Usoni means “future” in Kiswahili. In its first game, Kenyan studio Jiwe envisions a world where Europe is hell and Africa is the new El Dorado.
My little Ophelia, listen to the legend of El Molo,” a deep female voice says in Kiswahili while I watch a tall woman walking through the desert. Exhausted and parched, the character stops, stands up straight, and opens her eyes. The voice continues: “She received a message from the sky, she looked around her. There was a black stone, she took it in her open hand, she spat on it. She threw it in the air, the stone fell back to earth, water began to flow, Lake Turkana was born.”

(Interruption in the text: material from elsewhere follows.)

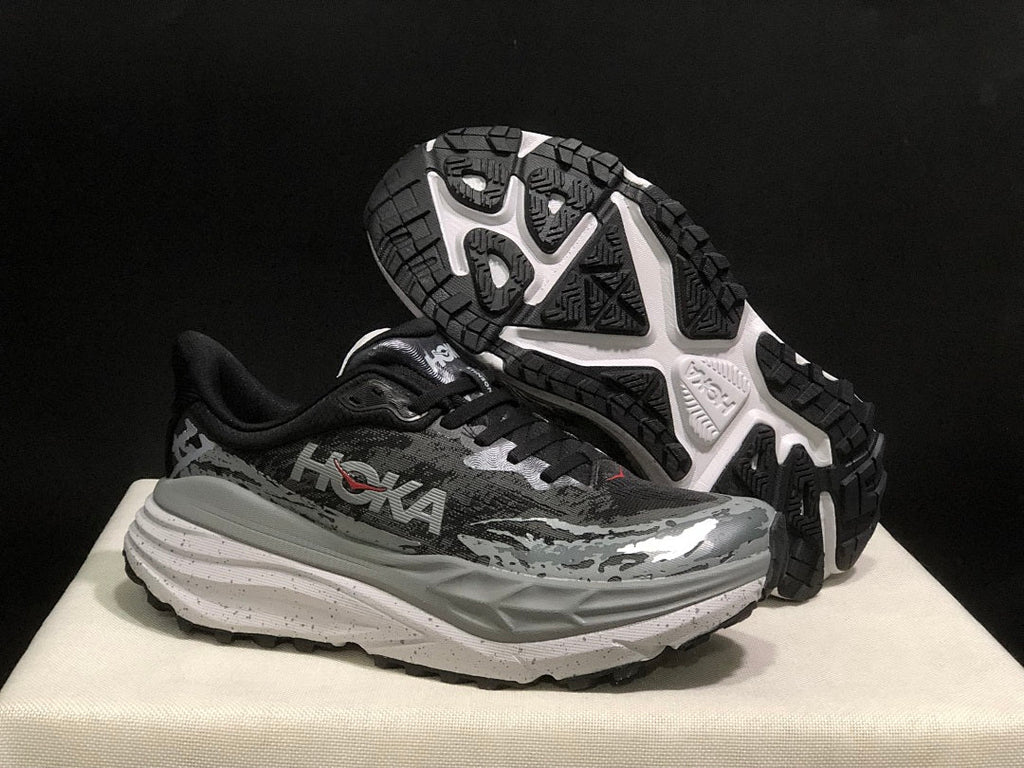 HOKA Stinson 7 Trail Running Shoes in Black and Gray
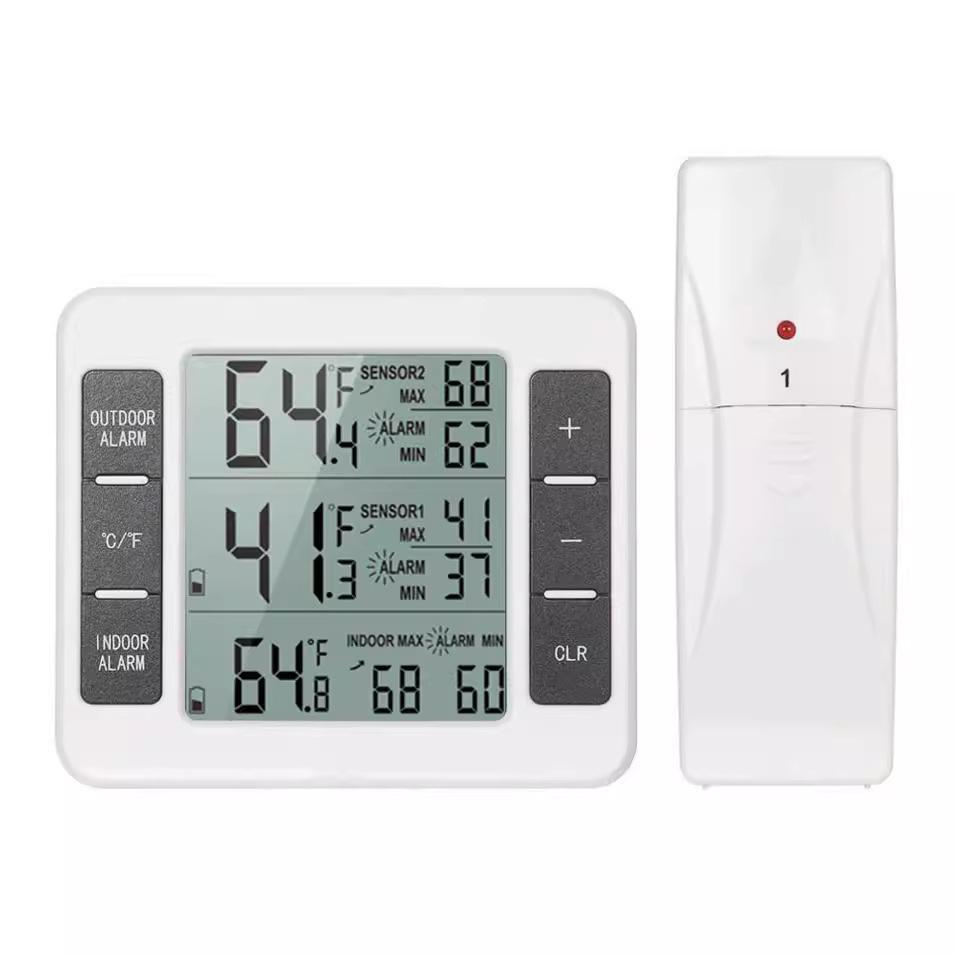 Wireless Dual-Sensor Indoor/Outdoor Alarm Thermometer for Fridge/Freezer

Twenty-seven years after listening to her mother tell the origin story of the Elmolo people, a grown-up Ophelia stands in the streets of a Paris that lies in ruins, unrecognizable. We are in 2063, and Europe has turned to hell. This is the starting point of Usoni, the first postapocalyptic video game produced in Africa. Its first part was released for PC and Android in February 2021 by the Kenyan studio Jiwe, which means “stone” in Kiswahili, East Africa’s main language.
Located in the arid plains of northern Kenya, Lake Turkana has the shape of an elongated fish and might be the cradle of humankind. It is also the location where the Usoni project started two decades ago. In 2001, French director Marc Rigaudis shot a TV documentary about the El Molo people, Kenya’s smallest ethnic group, whose language is at risk of disappearing.
I first met Rigaudis in Nairobi in 2013 when I interviewed him for a Swiss newspaper. One year earlier, this versatile creator, born in 1950 and sporting a ponytail and stubble, relocated from Japan to Kenya. There he took up a teaching position at USIU Africa.